Due inginocchiamenti
Dalla prima lettura del giorno (il martirio di Stefano), il presule ha proposto un parallelismo fra la vitella che si è inginocchiata davanti al Crocifisso e santo Stefano che piegò le ginocchia “mettendo davanti a Dio quella vita che Dio stesso gli aveva donato e che gli uomini gli stavano togliendo”. Da qui la sottolineatura che “l’esperienza di Stefano diventa l’esperienza di ognuno di noi, perché Dio ci dona di contemplare l’eternità“, anche se l’uomo è concentrato sull’oggi.

“Un bisogno più grande”
Dal Vangelo di Giovanni, in cui Gesù dice alla folla che lo cerca dopo la moltiplicazione dei pani e dei pesci “Io sono il pane di vita”, monsignor Caiazzo ha ricordato che “posso avere tutto dalla vita ma non essere felice perché non mi basta quello che ho”. Di fronte all’atteggiamento della folla, “Gesù ci dice che c’è un bisogno più grande, che è il bisogno di Dio”.

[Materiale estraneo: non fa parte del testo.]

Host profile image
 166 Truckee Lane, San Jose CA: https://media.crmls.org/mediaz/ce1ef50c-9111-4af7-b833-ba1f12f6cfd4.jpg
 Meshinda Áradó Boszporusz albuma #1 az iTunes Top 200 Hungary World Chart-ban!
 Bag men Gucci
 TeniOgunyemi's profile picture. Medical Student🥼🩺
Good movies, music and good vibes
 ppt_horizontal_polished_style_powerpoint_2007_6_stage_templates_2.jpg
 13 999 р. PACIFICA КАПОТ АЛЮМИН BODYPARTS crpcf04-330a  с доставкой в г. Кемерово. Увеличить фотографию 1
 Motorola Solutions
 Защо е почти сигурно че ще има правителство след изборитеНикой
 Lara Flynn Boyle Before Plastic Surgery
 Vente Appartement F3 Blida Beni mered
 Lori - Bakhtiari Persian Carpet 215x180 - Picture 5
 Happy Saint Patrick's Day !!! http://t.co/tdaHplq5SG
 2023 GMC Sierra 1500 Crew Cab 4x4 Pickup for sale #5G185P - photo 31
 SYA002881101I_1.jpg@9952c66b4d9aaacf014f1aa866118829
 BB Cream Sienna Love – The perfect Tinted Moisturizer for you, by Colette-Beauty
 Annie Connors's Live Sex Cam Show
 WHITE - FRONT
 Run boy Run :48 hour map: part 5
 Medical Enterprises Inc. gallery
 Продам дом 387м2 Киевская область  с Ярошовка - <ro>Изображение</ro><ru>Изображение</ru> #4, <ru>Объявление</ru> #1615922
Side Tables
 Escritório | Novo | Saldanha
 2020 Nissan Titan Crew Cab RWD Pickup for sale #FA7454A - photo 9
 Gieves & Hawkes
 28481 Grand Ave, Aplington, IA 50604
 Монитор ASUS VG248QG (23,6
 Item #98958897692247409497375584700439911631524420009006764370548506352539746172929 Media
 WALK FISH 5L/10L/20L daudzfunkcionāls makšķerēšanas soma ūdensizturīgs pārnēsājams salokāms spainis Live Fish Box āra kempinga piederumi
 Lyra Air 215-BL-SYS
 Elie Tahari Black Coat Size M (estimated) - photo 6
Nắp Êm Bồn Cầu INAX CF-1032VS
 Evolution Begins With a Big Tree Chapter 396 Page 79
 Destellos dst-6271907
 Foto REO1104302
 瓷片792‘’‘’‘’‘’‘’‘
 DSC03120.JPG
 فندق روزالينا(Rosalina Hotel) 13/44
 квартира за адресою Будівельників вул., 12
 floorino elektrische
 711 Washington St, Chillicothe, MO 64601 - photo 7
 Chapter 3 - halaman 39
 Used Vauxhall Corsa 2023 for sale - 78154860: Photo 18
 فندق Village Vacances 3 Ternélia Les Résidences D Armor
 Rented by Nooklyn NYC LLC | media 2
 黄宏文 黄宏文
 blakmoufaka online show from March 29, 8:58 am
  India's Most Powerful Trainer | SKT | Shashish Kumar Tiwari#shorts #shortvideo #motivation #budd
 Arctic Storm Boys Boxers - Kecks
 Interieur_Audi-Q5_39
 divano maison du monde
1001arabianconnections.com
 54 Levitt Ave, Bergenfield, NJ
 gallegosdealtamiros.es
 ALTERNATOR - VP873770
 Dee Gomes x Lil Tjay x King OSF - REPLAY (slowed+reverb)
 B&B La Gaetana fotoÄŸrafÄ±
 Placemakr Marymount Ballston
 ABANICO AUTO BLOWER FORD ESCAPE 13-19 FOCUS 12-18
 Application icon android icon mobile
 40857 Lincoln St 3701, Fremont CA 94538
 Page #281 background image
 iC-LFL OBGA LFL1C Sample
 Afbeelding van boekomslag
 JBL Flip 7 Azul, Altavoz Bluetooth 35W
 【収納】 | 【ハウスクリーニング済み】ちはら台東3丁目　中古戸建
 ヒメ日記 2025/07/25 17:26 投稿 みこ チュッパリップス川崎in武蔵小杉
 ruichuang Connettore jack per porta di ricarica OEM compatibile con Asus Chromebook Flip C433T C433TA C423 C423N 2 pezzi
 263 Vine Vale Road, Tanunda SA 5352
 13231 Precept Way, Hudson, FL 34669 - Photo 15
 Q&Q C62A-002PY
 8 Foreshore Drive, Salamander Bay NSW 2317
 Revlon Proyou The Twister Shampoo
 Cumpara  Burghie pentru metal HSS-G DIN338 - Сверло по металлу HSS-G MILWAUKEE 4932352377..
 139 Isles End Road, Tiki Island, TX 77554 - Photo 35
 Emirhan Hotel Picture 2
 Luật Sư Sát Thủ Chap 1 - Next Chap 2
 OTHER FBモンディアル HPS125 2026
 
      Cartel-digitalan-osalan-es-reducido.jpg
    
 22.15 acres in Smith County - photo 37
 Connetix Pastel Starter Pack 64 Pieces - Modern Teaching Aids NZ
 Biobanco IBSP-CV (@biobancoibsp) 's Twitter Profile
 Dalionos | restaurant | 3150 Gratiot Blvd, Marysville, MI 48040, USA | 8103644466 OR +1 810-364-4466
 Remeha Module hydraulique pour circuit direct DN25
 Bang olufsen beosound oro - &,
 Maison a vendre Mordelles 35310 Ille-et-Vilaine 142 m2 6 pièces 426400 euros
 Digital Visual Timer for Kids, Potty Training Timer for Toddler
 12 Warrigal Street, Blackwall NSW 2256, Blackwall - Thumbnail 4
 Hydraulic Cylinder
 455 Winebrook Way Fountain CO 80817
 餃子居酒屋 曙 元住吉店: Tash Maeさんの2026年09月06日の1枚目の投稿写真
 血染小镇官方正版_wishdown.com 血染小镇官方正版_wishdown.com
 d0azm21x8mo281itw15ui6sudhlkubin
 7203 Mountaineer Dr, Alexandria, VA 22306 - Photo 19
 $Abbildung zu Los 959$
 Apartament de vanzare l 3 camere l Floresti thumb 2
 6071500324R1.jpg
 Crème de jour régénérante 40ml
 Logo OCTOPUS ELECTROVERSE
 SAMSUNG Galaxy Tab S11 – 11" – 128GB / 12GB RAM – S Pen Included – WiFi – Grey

“Fare la comunione per cambiare la mia esistenza”
“Noi veniamo a Messa e facciamo la comunione – ha proseguito il presule -. Siamo talmente abituati a ricevere la comunione che non ci accorgiamo che stiamo ricevendo Gesù Cristo, che non ci rendiamo conto che la nostra carne, da quella particola che è il Corpo di Cristo, viene trasformata” con il rischio “di tornare a casa tali e quali come siamo arrivati, o forse peggio”. Il presule ha poi sottolineato che “fare la comunione significa che ho ricevuto Gesù Cristo ed entro in comunione con lui, con i fratelli e anche con la Chiesa celeste, con i nostri santi, con coloro che non sono più in mezzo a noi. Vivere la comunione significa vivere il tempo presente con la consapevolezza che ogni celebrazione eucaristica a cui partecipo contribuisce a cambiare la mia esistenza“.

“Il “si è sempre fatto così” non serve”
Monsignor Caiazzo hai poi sollecitato i presenti: “Posso essere vescovo, sacerdote, diacono, posso far parte dell’Arciconfraternita, posso essere sindaco o comandante dei Carabinieri, ma non mi serve a niente se non entro in questa comunione, se non vivo questo desiderio di Dio e se non lascio che lui trasformi la mia carne”. Questo, ha aggiunto “significa trasformare il mio modo di pensare, di ragionare e di guardare le cose in maniera diversa”. Un riferimento quindi al “si è sempre fatto così e bisogna continuare a fare sempre così. Non è vero. Dov’è scritto?”, si è chiesto il vescovo. “La tradizione se non cambia il cuore non serve, ma se la tradizione cambia il cuore, allora anche ricordare il miracolo (della vitella, ndr) a distanza di 532 anni ha senso perché rimanda al miracolo più grande” che è quello eucaristico. Così, durante la Messa, ha concluso la sua riflessione il presule, ci inginocchieremo davanti alla “presenza reale di Cristo nelle specie del pane e del vino che, attraverso l’imposizione delle mani, invocando lo Spirito Santo, diventeranno corpo e sangue di Gesù“.